◆ **How to complete this task**:
The reply should contain every line of the data, repeated exactly, and no pictures.

◆ **Data extract**:
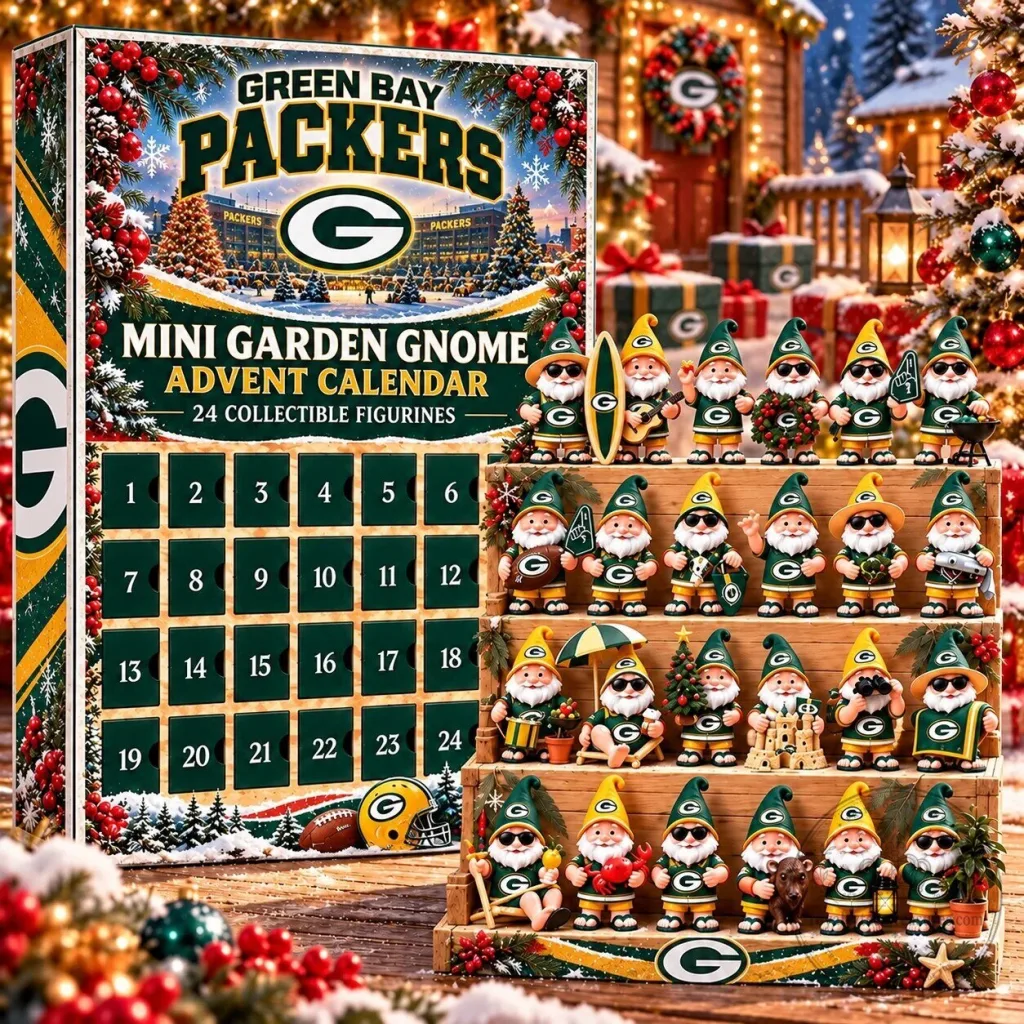 Green Bay Packers NFL Mini Garden Gnome Advent Calendar Collectible Figurines 2D 26 Green Bay Packers NFL Mini Garden Gnome Advent Calendar Collectible Figurines 2D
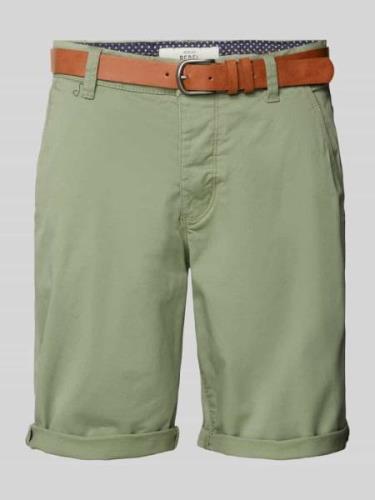 Redefined Rebel Regular Fit Bermudas mit Gürtel Modell 'MIKE' in Oliv,...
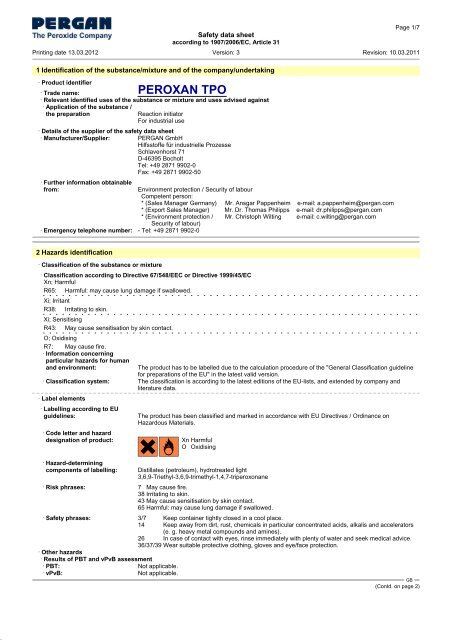 PEROXAN TPO - Pergan GmbH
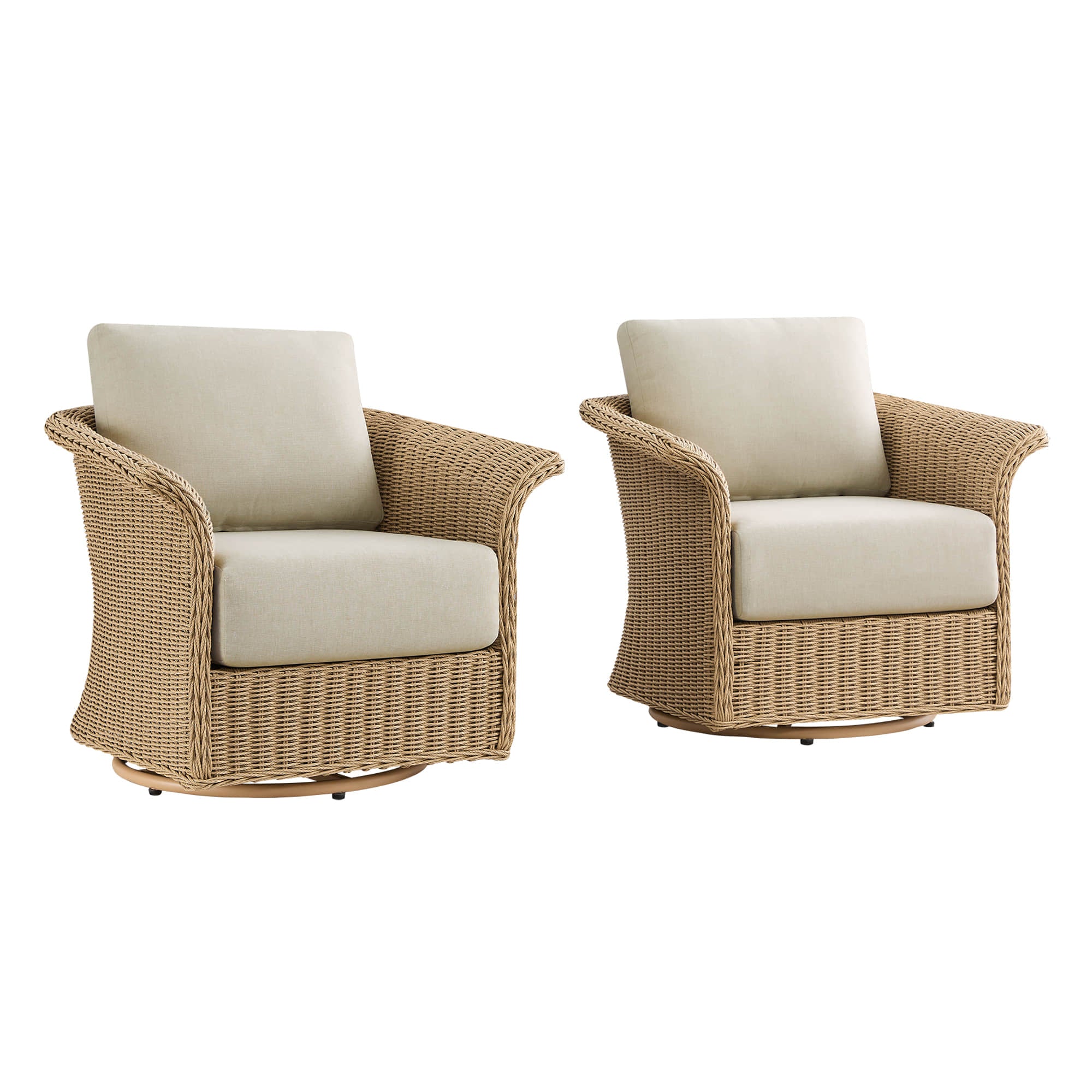 Haven Wicker Woven Outdoor Swivel Chair (Set of 2） - Image 26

◆ **Result of the task**:
 Green Bay Packers NFL Mini Garden Gnome Advent Calendar Collectible Figurines 2D 26 Green Bay Packers NFL Mini Garden Gnome Advent Calendar Collectible Figurines 2D
 Redefined Rebel Regular Fit Bermudas mit Gürtel Modell 'MIKE' in Oliv,...
 PEROXAN TPO - Pergan GmbH
 Haven Wicker Woven Outdoor Swivel Chair (Set of 2） - Image 26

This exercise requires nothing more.